Bonus come se piovessero, ecco cosa c’è dietro alla sfilza di soldi elargiti dal governo

Siamo vicini al punto di non ritorno

Perché l’emergenza Covid sta accrescendo tali tensioni? Essa ha diviso irrimediabilmente in due l’Italia tra garantiti e bastonati.

Ai primi è concesso tutto, persino di fingere di lavorare e di usufruire di risorse crescenti anche in piena crisi. Ed ecco spuntare come i funghi bonus e sussidi, nonché richieste strambe, come di chi agli uffici INPS in Sicilia nella primavera scorsa pretendeva un extra di 10 euro per ciascuna pratica per la cassa integrazione sbrigata. Sono il popolo del #iorestoacasa, a cui andrebbe aggiunto #conituoisoldi. E’ l’Italia ipocrita della solidarietà sulle spalle degli altri, del finto senso civico, dell’invidia sociale e dei bastoni tra le ruote a chi vorrebbe lavorare.

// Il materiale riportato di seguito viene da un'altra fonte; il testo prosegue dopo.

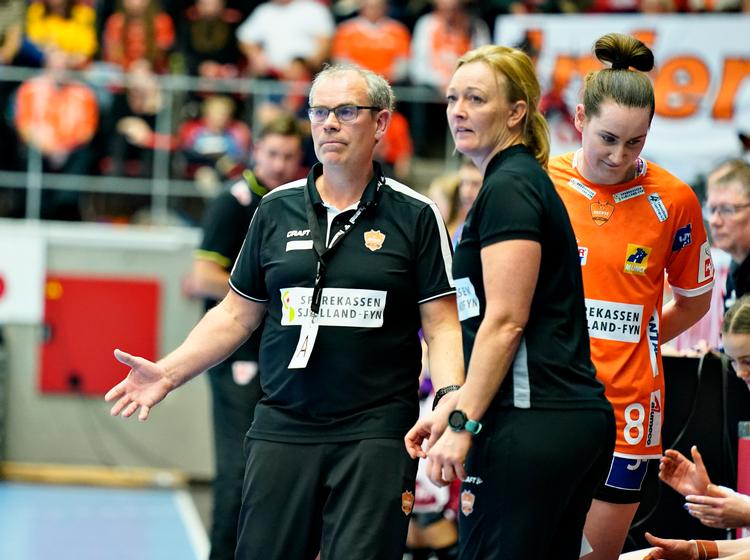 Jan Pytlick er færdig som træner i Odense Håndbold. Her ses han i aktion under pokalfinalen søndag i Holstebro. Foto: Henning Bagger/Ritzau Scanpix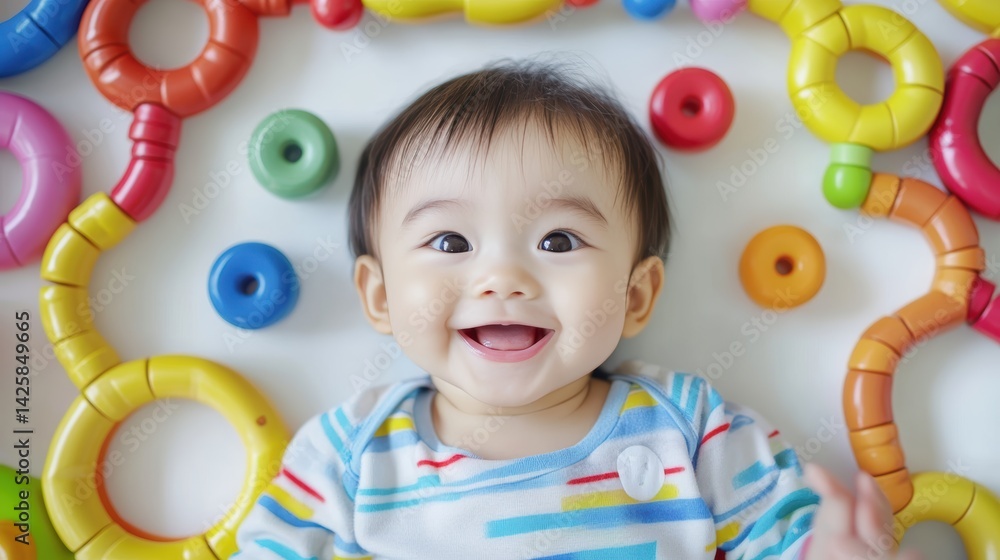 Obraz premium Baby kids toys frame on background, Toy many colorful educational wooden. play, Top view, executive function, kid, skill, education, intelligence quotient, emotional quotient, childhood, development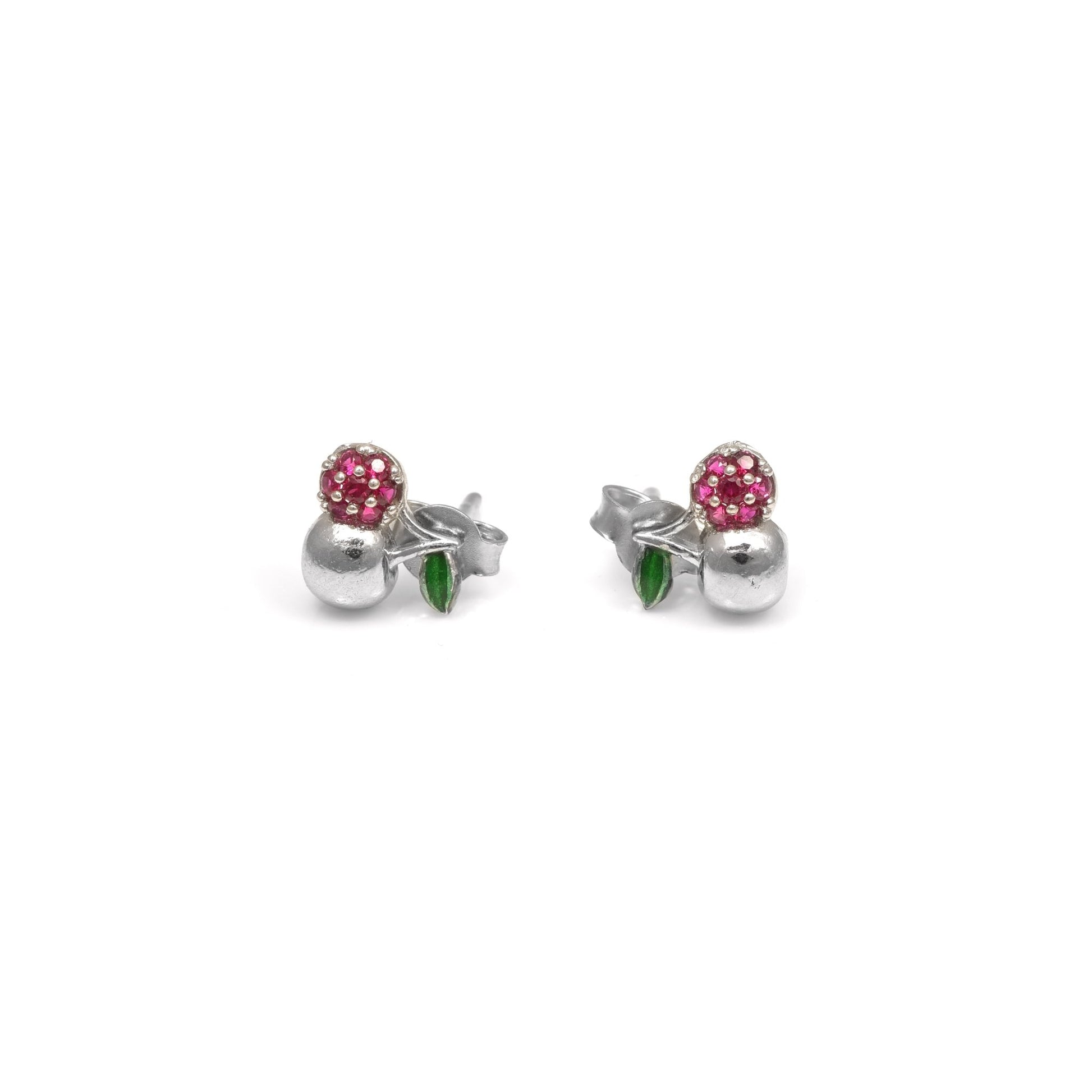 The Pink Cherry Bloom Silver Stud Earrings - Vinayak - House of Silver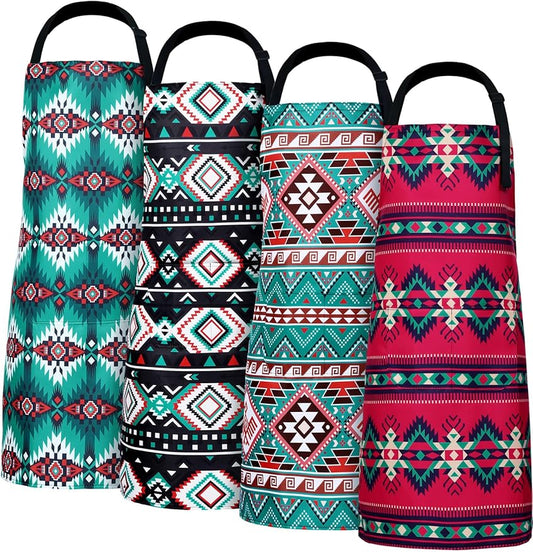 Geetery 4 Pcs Chicken Aprons for Women Rooster Print Apron Waterproof Adjustable for Kitchen Cooking by Geetery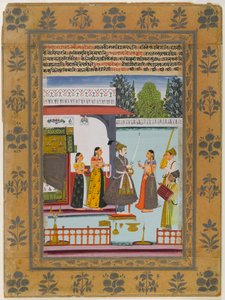 Malkosa Raga, stránka z rozptýlené série Ragamala, cca 1700-10 (wc, zlato a stříbro na papíře) od Indian School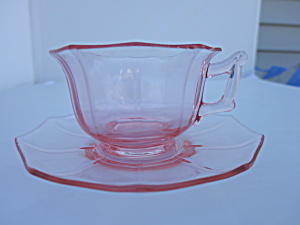 Cambridge Decagon Pink Depression Glass Cup And Saucer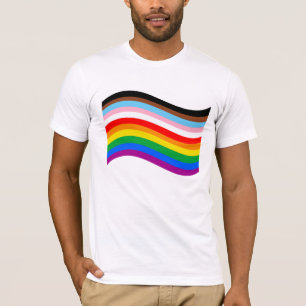 T-Shirt rayé à progression ondulée de la fierté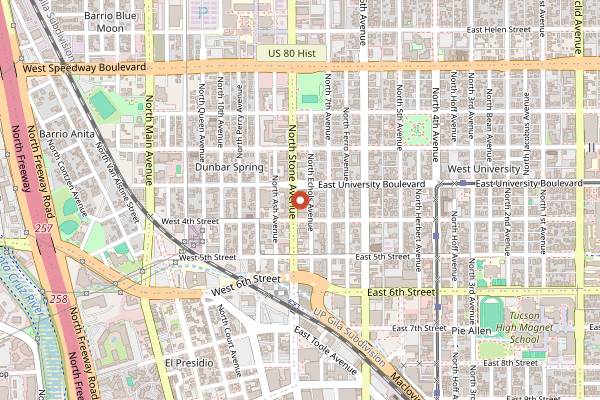 Map showing La Indita in Tucson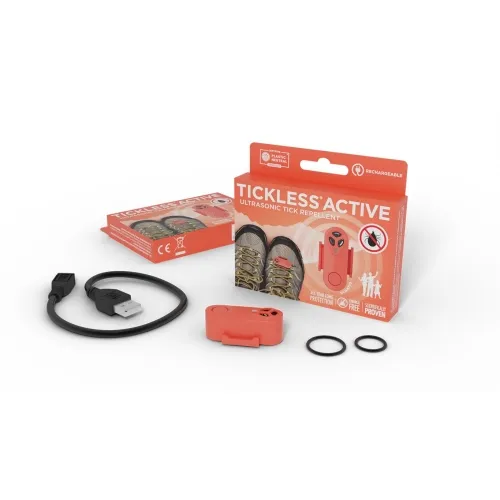 Tickless Active ultraskaņas repelenta ierīce, sarkana (USB lādējama)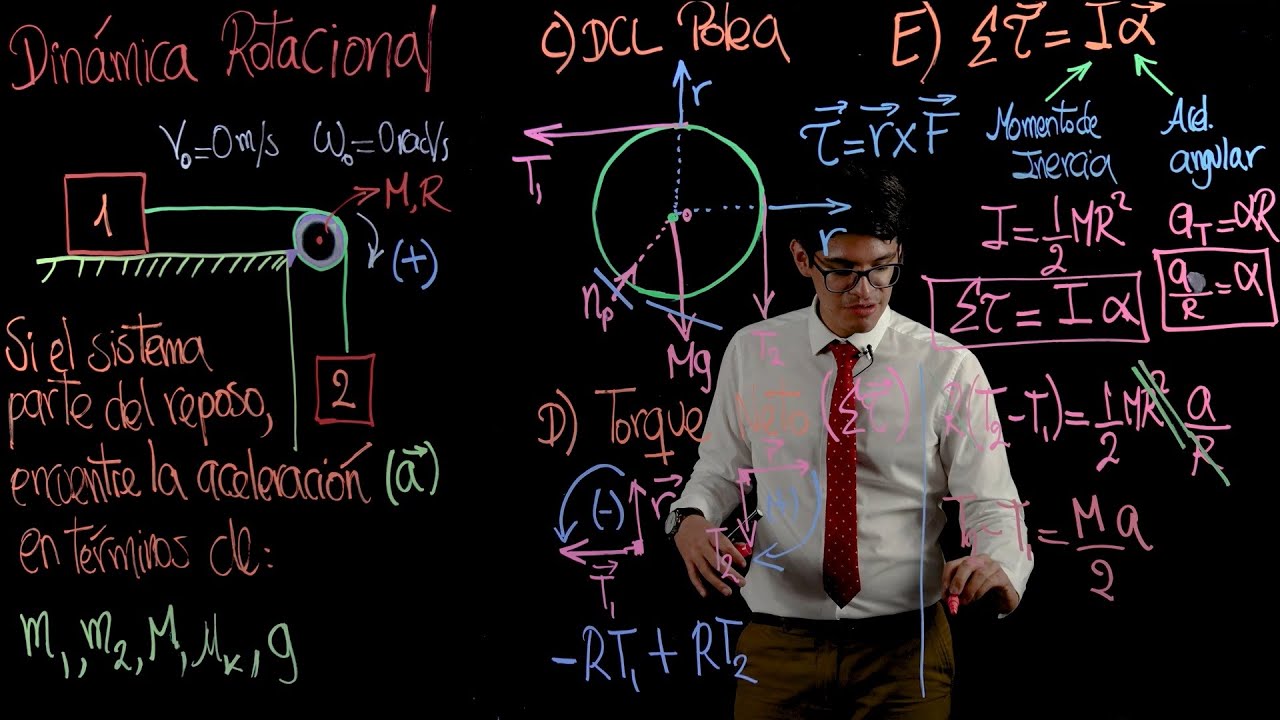 Dinámica Rotacional en Sistema de Poleas: Leyes de Newton y Torque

Poi, c’è chi chiede solamente di potersi recare al lavoro, di alzare la saracinesca e si vede inghiottito in un vortice di Dpcm, circolari, aiuti promessi e raramente mantenuti e scadenze fiscali a cui ottemperare prima o poi ugualmente. Il governo Conte è funzionale alla prima Italia, quella del reddito di cittadinanza e dei bonus, mentre per cultura politica risulta estraneo al mondo dell’impresa, del commercio, dell’artigianato, dello stesso lavoro dipendente. E non riuscendo a capire queste categorie, vuole farle rientrare tra il vasto mondo dei sussidiati, trasformando il lavoro in bonus, l’imprenditore in un mantenuto dallo stato, il lavoratore in un cassintegrato perenne. Quando a produrre ricchezza saranno rimasti davvero in pochi per consentire allo stato di distribuirla, ecco che allora scoppieranno i tumulti di piazza. E manca pochissimo tempo.